Many Afghans have lost their jobs and businesses amid the economic downturn, making it difficult to pay for their children's school fees -- the sole source of income for private schools, Forqani said.
"Poverty and unemployment have caused not only a decrease in the number of student enrolments but also a financial crisis for private schools," he said.
"Recent developments have adversely impacted various parts of Afghans' lives, with the education sector being hit the most," said Jan Aqa Hikmat, principal of Noor Jahan Private High School in Kabul.
"There were 650 male and female students in 1st to 12th grade in our school in past years," he said. "But now there are only 215 students in our school."
Hopes and dreams on hold
If restrictions on girls' education continue, more private schools will close, said Forqani.
"Almost 30 to 40% of the students are girls in private schools throughout Afghanistan," he said. "Prohibiting girls from continuing their education will force many private schools to close, and if such a situation persists, more schools will be left with no choice but to close."
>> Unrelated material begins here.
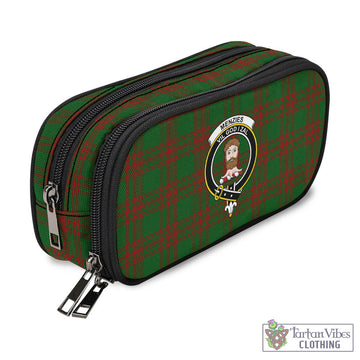 Menzies Tartan Pen and Pencil Case with Family Crest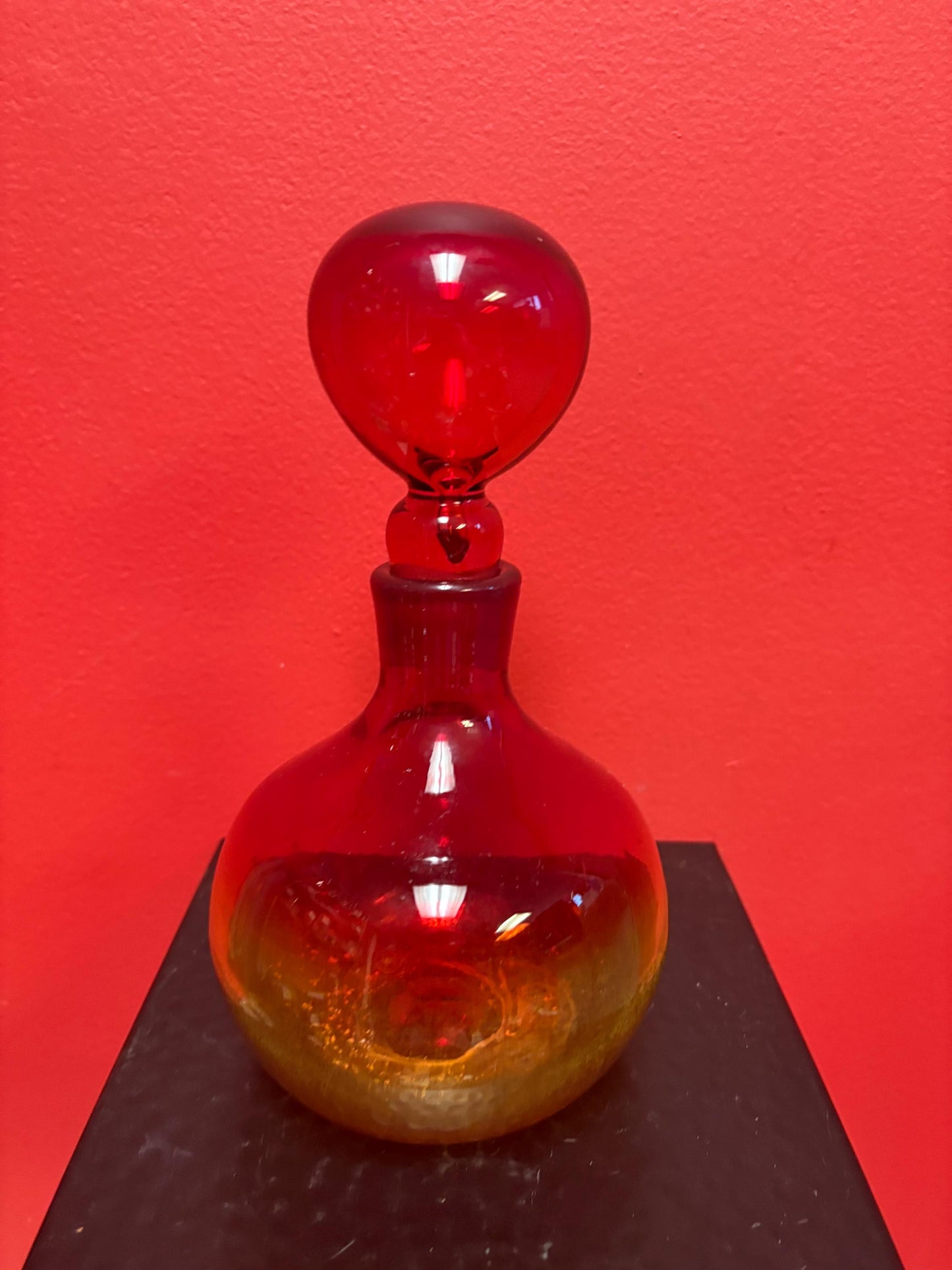 Beautiful vintage 9 inch tall blenko glass decanter  red amber colours  mint condition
Such developments accelerate the destruction of the education sector, he said.
"Recent developments have affected various sectors of Afghan life, and unfortunately, the education sector has suffered more than any other sector," Bahara Mohammadi, owner and head of Star-e-Noor Jahan Private High School in Kabul, told Salaam Times.
"Most students cannot continue their education because of poverty," said Mohammadi. "Teachers also have lost their jobs, and private educational institutions are on the verge of a complete collapse."
Of the 480 students studying at Mohammadi's school, only 240 remain. The others were forced to drop out by poverty or the nationwide ban on girls.
Of the 21 teachers, 11 have lost their jobs since last August.
"School enrolment was beyond expectation until last year, and students attended their classes with great interest," Mohammadi said. "Moreover, students were very hopeful about their future, setting their sights on becoming doctors, engineers, pilots and teachers."
"However, their dreams seem to have disappeared today. They no longer have a smile on their face or any hope for a bright future."
"Half of my classmates, including our classmate who held the first rank and was very intelligent, were forced to drop out," said Mehdi, 12, a fourth-grader at Star-e-Noor Jahan.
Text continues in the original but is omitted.